The following terminology will be helpful in order to understand the complexity of cryptography.
- block cipher
- A symmetric cipher which operates on blocks of bits, typically of a fixed size.
- certificate
- A document used to prove the ownership of a public key. Certificates contain information about the owner of the public key and a digital signature which verifies the contents. A certificate can be used to authenticate a message.
- cipher
- A mathematical function used during encryption and decryption.
- ciphertext
- The result of encrypting a message.
- digest
- The output of a hashing algorithm.
- decryption
- A process of decoding a plaintext message from a ciphertext using the exact key which was used during encryption.
- encryption
- A process of encoding a plaintext message into a ciphertext using an encryption key.
- hash
- A hashing algorithm is a function which condenses an arbitrary amount of data to a fixed size. This result is known as a hash value or a hash digest.
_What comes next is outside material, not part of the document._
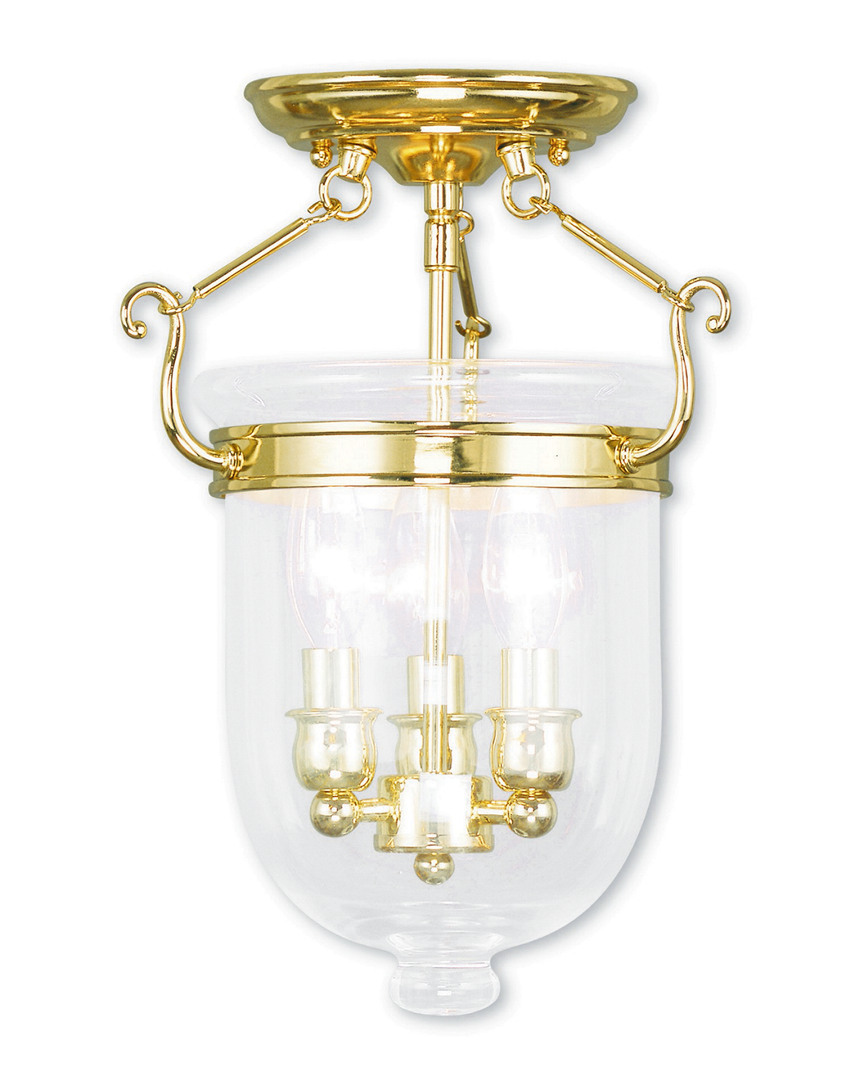Livex Lighting Livex Jefferson 3-light Polished Brass Ceiling Mount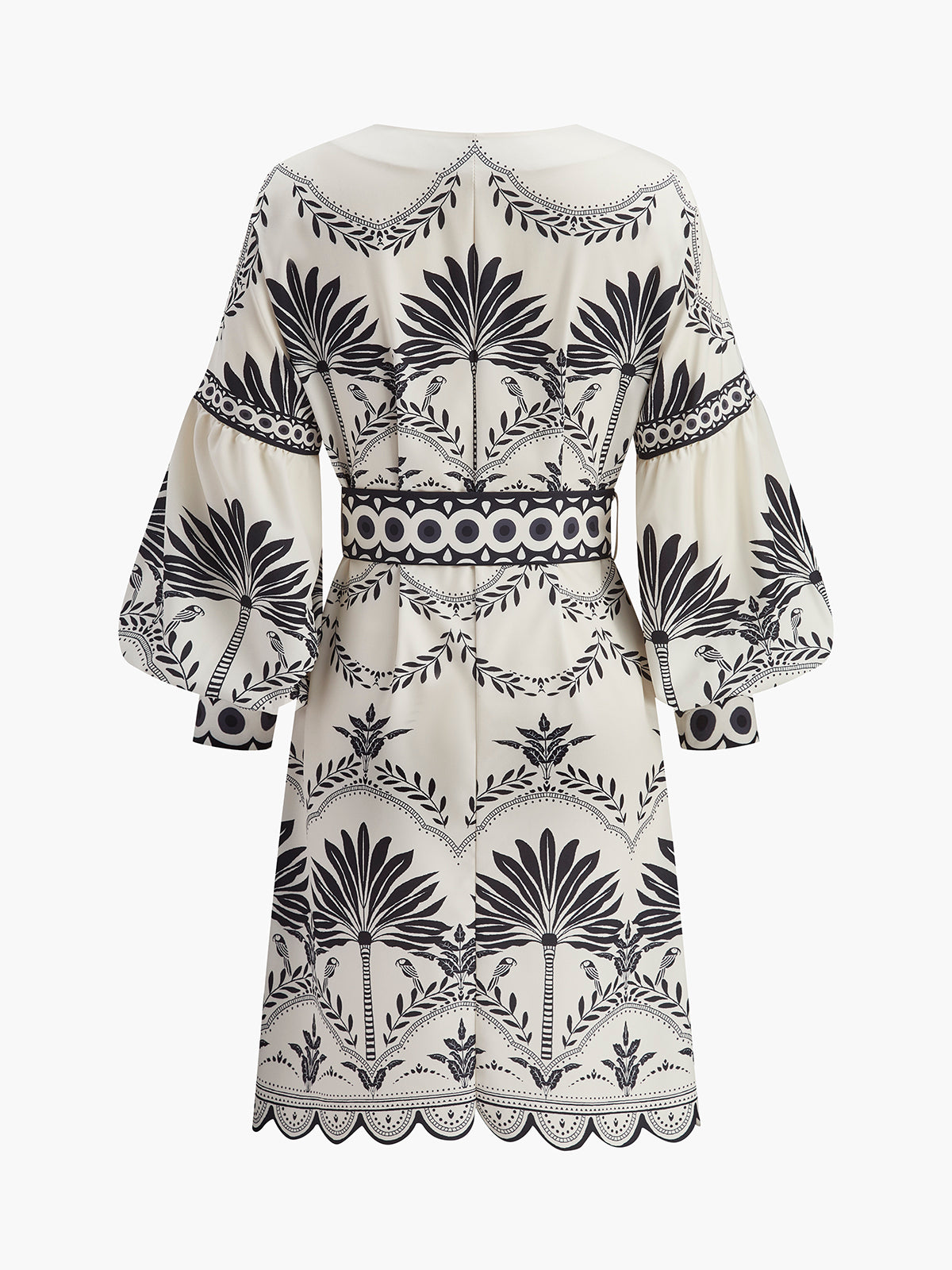 Boho Print V-Neck Belted Dress-Massicos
It can be easier, efficient, and more reliable to compute a hash and compare the values, than to compare the original data. In cryptography hashing is often used to verify a message or some data has not been tampered or compromised.
- secret key
- The type of key used in a symmetric encryption algorithm. Since the same key is used for encryption and decryption, the key must be kept secret and only provided to the authorized senders and recipients.
- message
- Another term for the input data to a hash or encryption function.
- plaintext
- Input to an encryption function. Also referred to as cleartext or a message.
- public key
- The part of a key in an asymmetric encryption system which is available to everyone.
- private key
- The part of a key in an asymmetric encryption system which is kept secret.
- symmetric encryption
- An encryption system where the same key is used for both encryption and decryption.
- asymmetric encryption
- An encryption system which uses a pair of keys, one public and one private. The encryption function uses the public key of the recipient. Decryption can only occur by using the private key. This ensures only the person receiving the ciphertext can decrypt the message.